In The Shadow Of Gothic Towers


When things go bump in the night at Yale University it becomes national news. I've never really understood why that is the case, but I have been sucked up in the maelstrom of Yale-related hype: More than a decade ago, I found myself on Good Morning America wondering why the prosecution of a young man for forging transcripts to gain admission to Yale was such a big deal.

This weekend a new whirlwind churns: A young Yale graduate student has turned up missing. Annie Le, 24, went to her laboratory to work on Tuesday at about 10 a.m. She has not been seen since. She was set to marry later in the week. But she is gone. Now it is national news. Why?

Yesterday local television stations broke into the broadcast of nationally televised college football games to report on the Le case. We learned that bloody clothing was found hidden behind ceiling tiles in the building in which she was last seen. Still later, we learned that law enforcement held a press conference. Ms. Le is still missing. Today the Internet is abuzz: The FBI is checking a Hartford landfill with scent-trained dogs. I suspect People magazine will have a big spread on the story in its next issue.

The loss of innocence is always compelling, and the Le disappearances sings of such loss. This demur young woman represents hope. She is young. She is beautiful.

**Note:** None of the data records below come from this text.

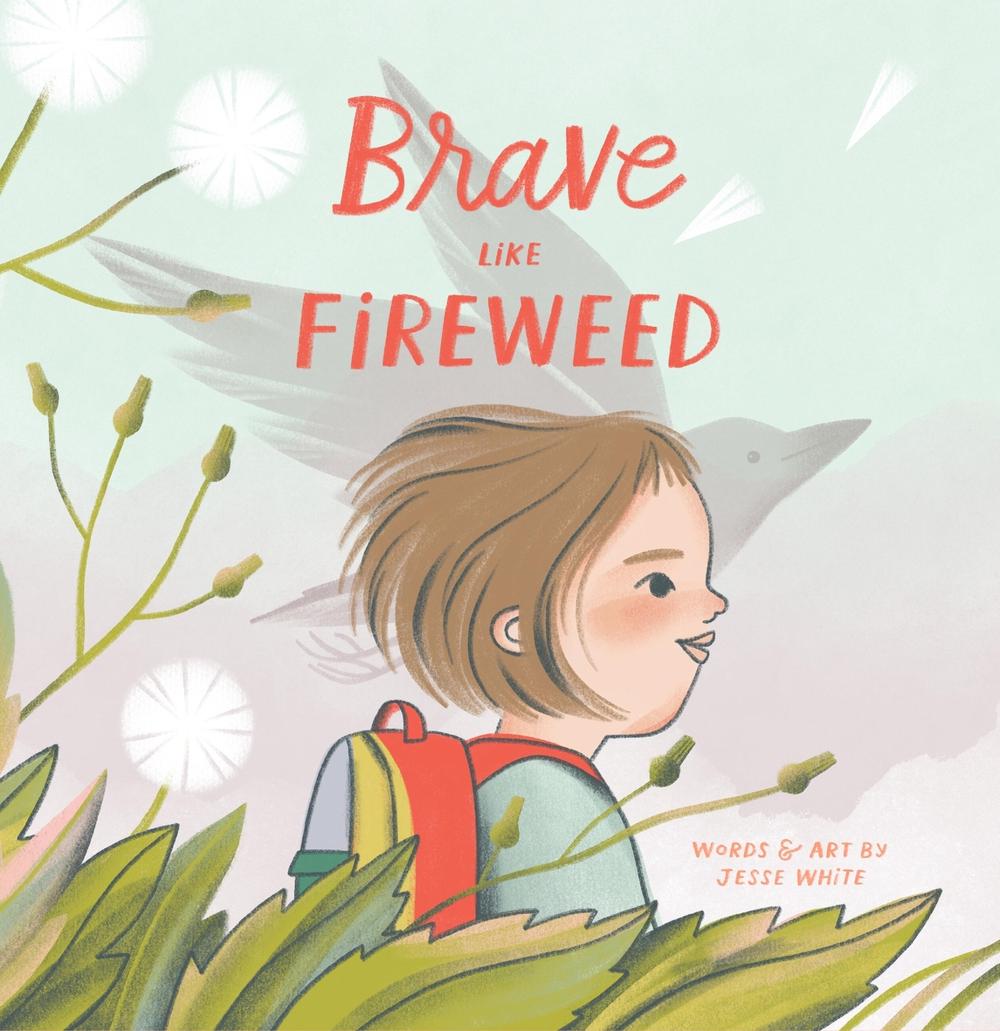 Brave Like Fireweed by Jesse White - ISBN: 9781454949718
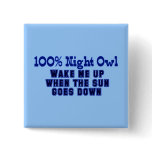 100% Night Owl Button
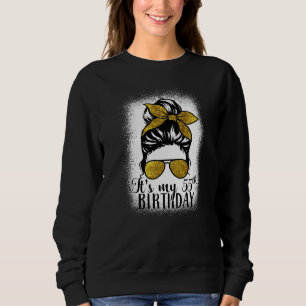 55 Years Old Messy Bun Its My 55th Birthday Mothe Sweatshirt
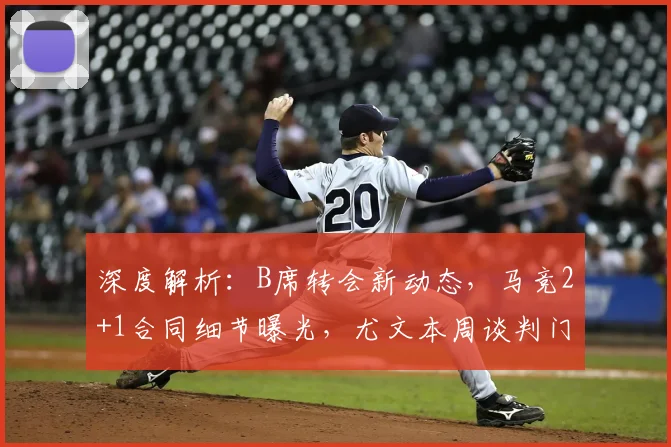 深度解析：B席转会新动态，马竞2+1合同细节曝光，尤文本周谈判门德斯是关键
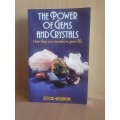 The Power of Gems and Crystals (How they can transform your life) Soozi Holbeche (Paperback)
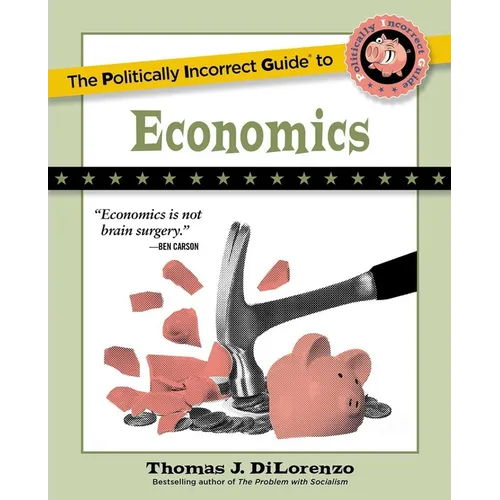 The Politically Incorrect Guide to Economics - Paperback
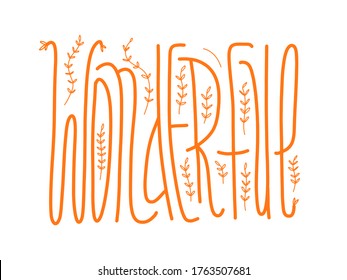 Wonderful lettering sign. Calligraphic style typographic text sign. Wall decor print. Nursery poster. baby shower greeting card. isolated black kids font. Hand drawn illustration. Cute simple postcard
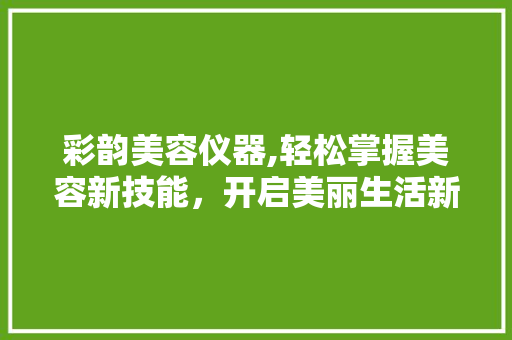 彩韵美容仪器,轻松掌握美容新技能，开启美丽生活新篇章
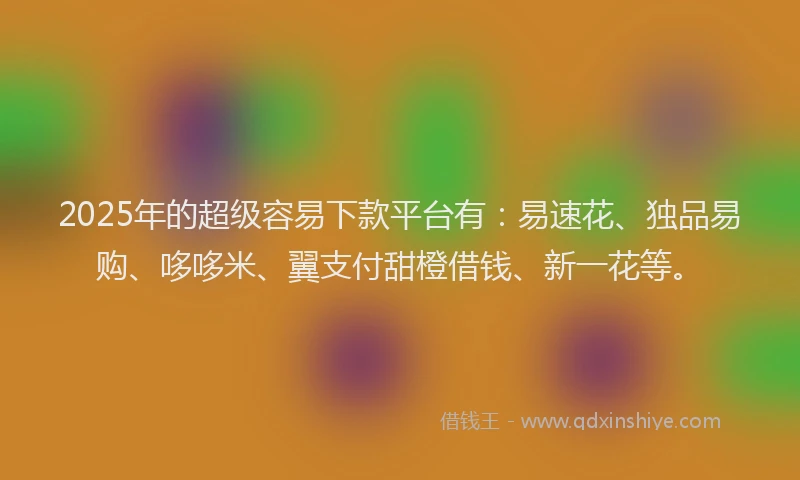 2025年的超级容易下款平台有：易速花、独品易购、哆哆米、翼支付甜橙借钱、新一花等。
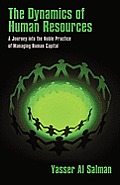 The Dynamics of Human Resources: A Journey into the Noble Practice of Managing Human Capital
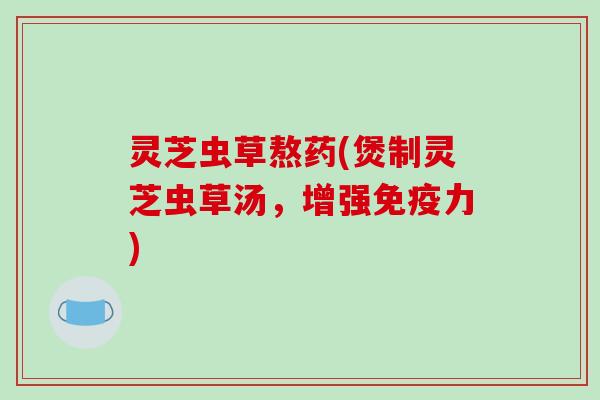 灵芝虫草熬药(煲制灵芝虫草汤，增强免疫力)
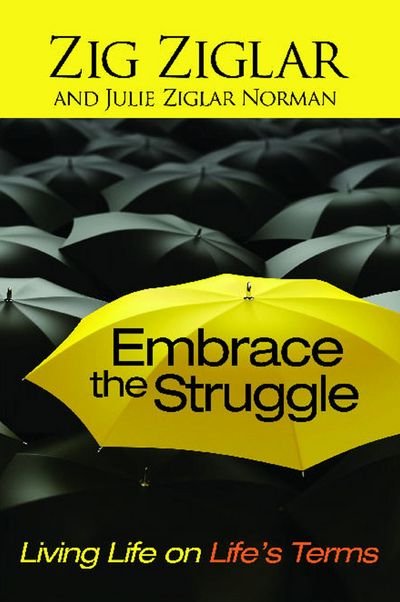 Cover for Zig Ziglar · Embrace the Struggle: Living Life on Life's Terms (Paperback Book) (2013)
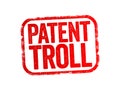 Patent Troll - use of patent infringement claims to win court judgments for profit or to stifle competition, text stamp concept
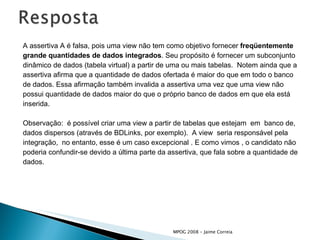 A assertiva A é falsa, pois uma view não tem como objetivo fornecer  freqüentemente grande quantidades de dados integrados . Seu propósito é fornecer um subconjunto dinâmico de dados (tabela virtual) a partir de uma ou mais tabelas.  Notem ainda que a  assertiva afirma que a quantidade de dados ofertada é maior do que em todo o banco de dados. Essa afirmação também invalida a assertiva uma vez que uma view não  possui quantidade de dados maior do que o próprio banco de dados em que ela está  inserida. Observação:  é possível criar uma view a partir de tabelas que estejam  em  banco de, dados dispersos (através de BDLinks, por exemplo).  A view  seria responsável pela  integração,  no entanto, esse é um caso excepcional . E como vimos , o candidato não  poderia confundir-se devido a última parte da assertiva, que fala sobre a quantidade de  dados. 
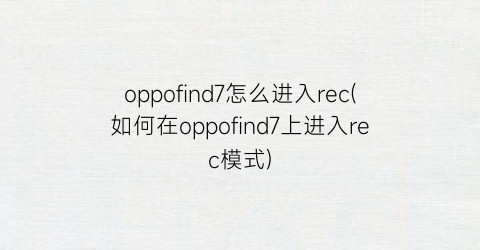 oppofind7怎么进入rec(如何在oppofind7上进入rec模式)
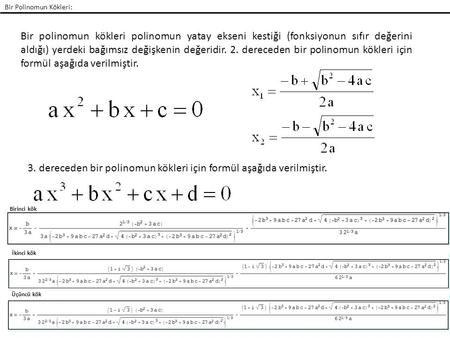 3. dereceden bir polinomun kökleri için formül aşağıda verilmiştir.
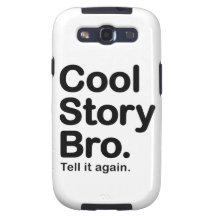 Cool Story Bro. Samsung Galaxy Case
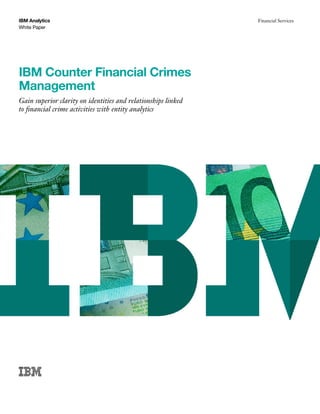 White Paper
IBM Analytics Financial Services
IBM Counter Financial Crimes
Management
Gain superior clarity on identities and relationships linked
to financial crime activities with entity analytics
 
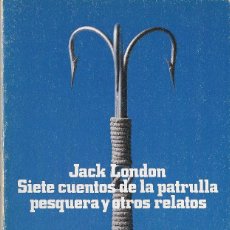 Libros de segunda mano: JACK LONDON. SIETE CUENTOS DE LA PATRULLA PESQUERA Y OTROS RELATOS. NOVELA DE AVENTURAS.. Lote 210431115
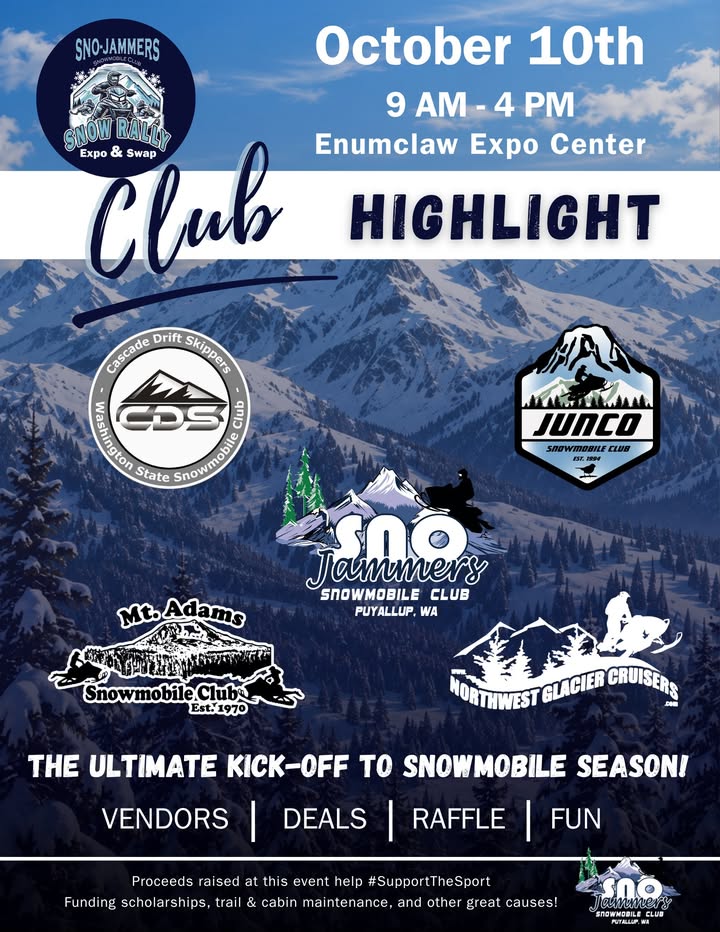 ❄️ CLUB HIGHLIGHT ❄️

One community. One passion. One epic show.
Snow Rally Expo & Swap 2026 isn't just about deals and gear - it is about bringing the community together!

Snowmobile clubs are the heart of our sport. Come meet some of the clubs maintaining trails, building community, and supporting the future of snowmobiling!

Cascade Drift Skippers Snowmobile Club
Junco Snowmobile Club
Mt Adams Snowmobile Club
Northwest Glacier Cruisers
Sno-Jammers Snowmobile Club

Join a club. Get involved. #SupportTheSport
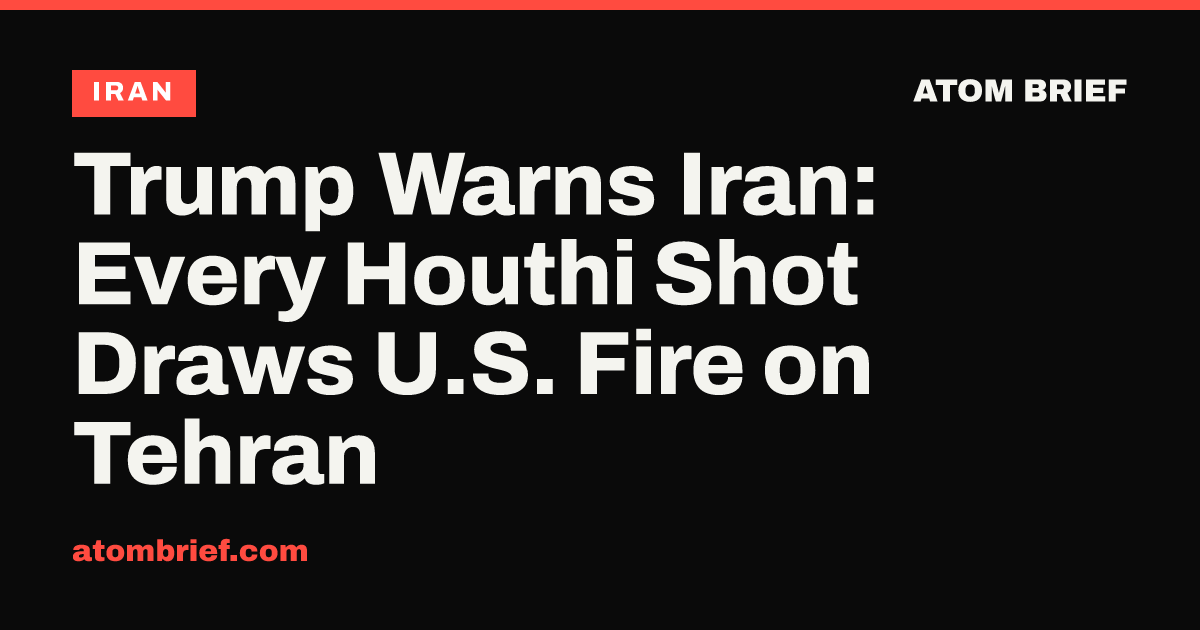 Trump Warns Iran: Every Houthi Shot Draws U.S. Fire on Tehran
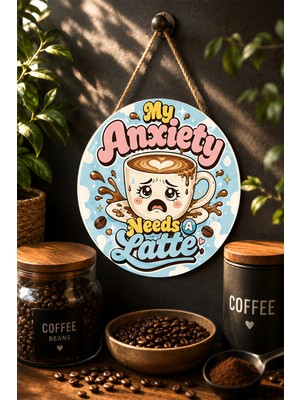 Mayeka My Anxiety Needs A Latte Tatlı Fincan Yuvarlak Mdf Tablo Kahve
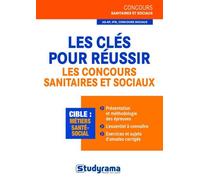 Les clés pour réussir les concours sanitaires et sociaux - Rebecca Lioubchansky - Studyrama Eds - broché - Scolaire / Universitaire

She was soon to be wed to her very own Prince Charming. And the young woman was brilliant, too, a doctoral candidate at one of the nation's leading universities.

But sorrow falls all trees in the forest, given enough time. Why the national angst over this beautiful young stranger?

I start evidence in a trial tomorrow in which my client is accused of murdering one young woman and shooting another young woman with the intent to kill her. They were in the man's kitchen. He claims self-defense. The kitchen was a tiny room, the two women and another woman attacked him. He shot to survive. Is this not as American a tragedy as the disappearance of Annie Le? Yet we will not fight off throngs of reporters to gain admission to the courthouse. The case may well go unreported in the press. You see, the victims and client are lower middle-class, and their dreams never carried them across the threshold of one of the nation's status palaces. They were lucky to pay each week's bills, living, as they did, off the sweat of their brows.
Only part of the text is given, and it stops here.